WERKEN…. WIT OF ZWART ???
-----------------------------------------------------------------------------------------------Netwerknieuws no.46 Juni 2012
Geachte lezer, Deze brief staat in het teken van het wel of niet mogen werken van vluchtelingen. We beginnen de brief met een kort exposé over de Koppelingswet. Deze wet verbiedt o.a. dat vluchtelingen werken, terwijl ze in de procedure zitten. Ook een aantal ervaringsverhalen van voormalige vluchtelingen die vertellen wat het hen heeft gedaan om niet te mogen werken. Ongekuist, recht uit het hart. Dus daar kan hier en daar een taal‐ of stijlfoutje ingeslopen zijn. Maar we geven ook wat mogelijkheden om het leven van een asielzoeker meer draagbaar te maken. Wat zijn de voordelen voor de ongedocumenteerde zelf en voor Nederland (voor ons allemaal dus).

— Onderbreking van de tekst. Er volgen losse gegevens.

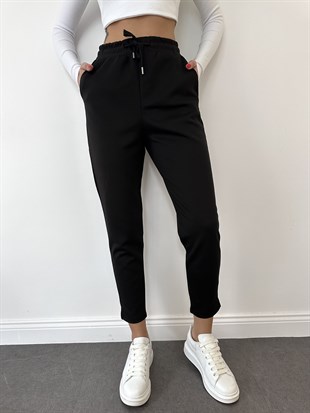 Siyah Bağcıklı Düz Paça Modal Eşofman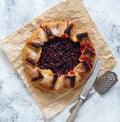 Berry pie free form Galette with cranberries. Royalty Free Stock Photo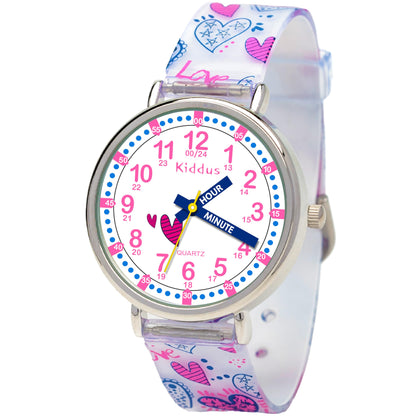 Kids Time Teacher Watch - Educational Analog Watch with Japanese Quartz Movement Ages 5-12 A. English Handles 01 Handles Hearts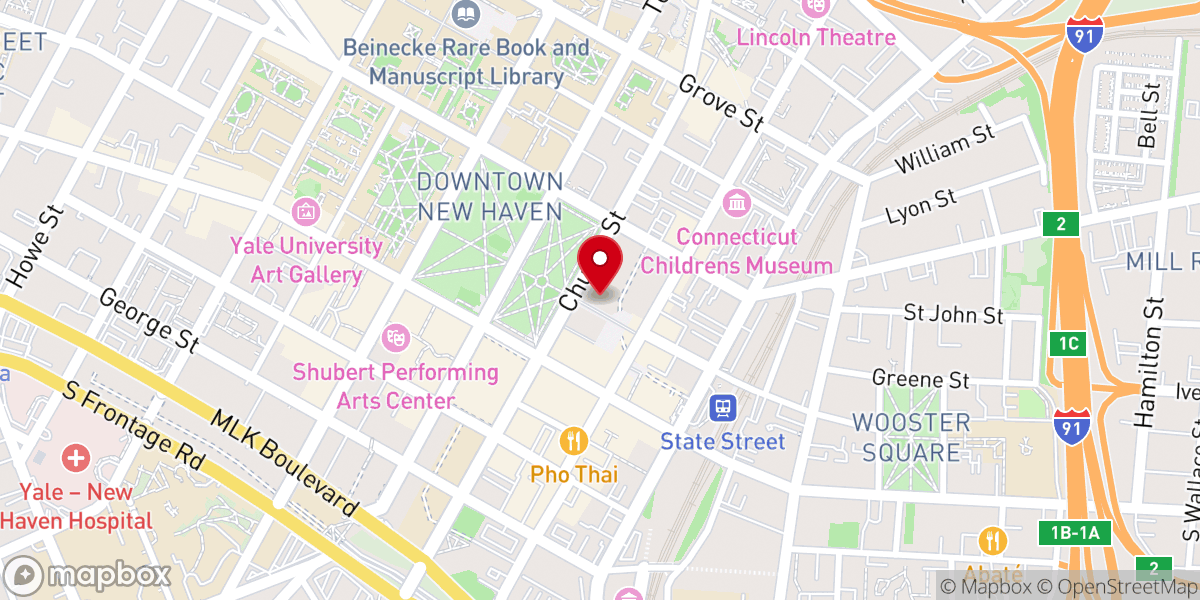 Map showing location of Bank of America Financial Center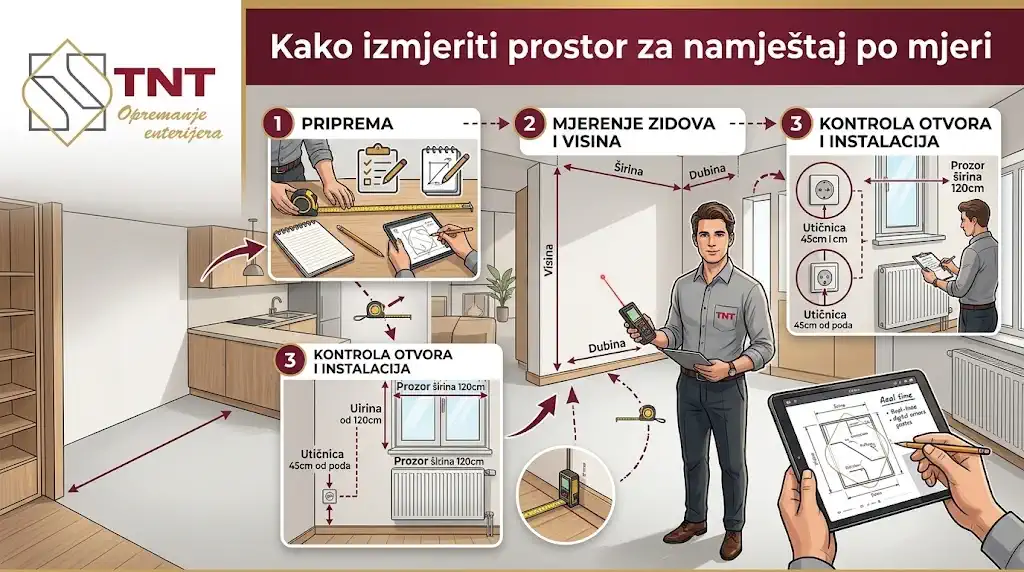 Mjerenje prostora prije izrade namještaja po mjeri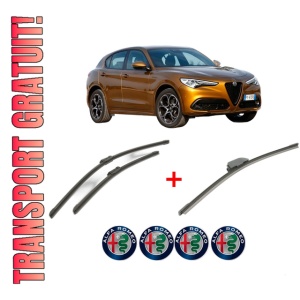Set 3 stergatoare ALFA ROMEO STELVIO (949_) din 2016, pentru parbriz si luneta fata si spate auto, Bosch Aerotwin, din cauciuc siliconat rezistent, 4 Stickere Auto ALFA ROMEO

Wat is de Koppelingswet? De Koppelingswet is een wet die de positie van vreemdelingen zonder verblijfsvergunning of werkvergunning verduidelijkt en heeft als doel het illegaal verblijf in ons land te ontmoedigen. De Koppelingswet dankt haar naam aan het feit dat zij het recht op allerlei gemeenschapsvoorzieningen koppelt aan de vraag of iemand legaal in Nederland verblijft. In de wet staat dat vreemdelingen geen recht hebben op collectieve voorzieningen als ze niet over een verblijfsvergunning beschikken. Het gaat om voorzieningen als een bijstandsuitkering, huursubsidie en studiefinanciering. Daarnaast gaat het ook om ontheffingen, vergunningen en andere verstrekkingen. De controle van het verblijfsrecht gebeurt vrijwel altijd automatisch via het Vreemdelingen Administratie Systeem (VAS) van de vreemdelingenpolitie, dat is gekoppeld aan de Gemeentelijke Basisadministratie Persoonsgegevens (GBA).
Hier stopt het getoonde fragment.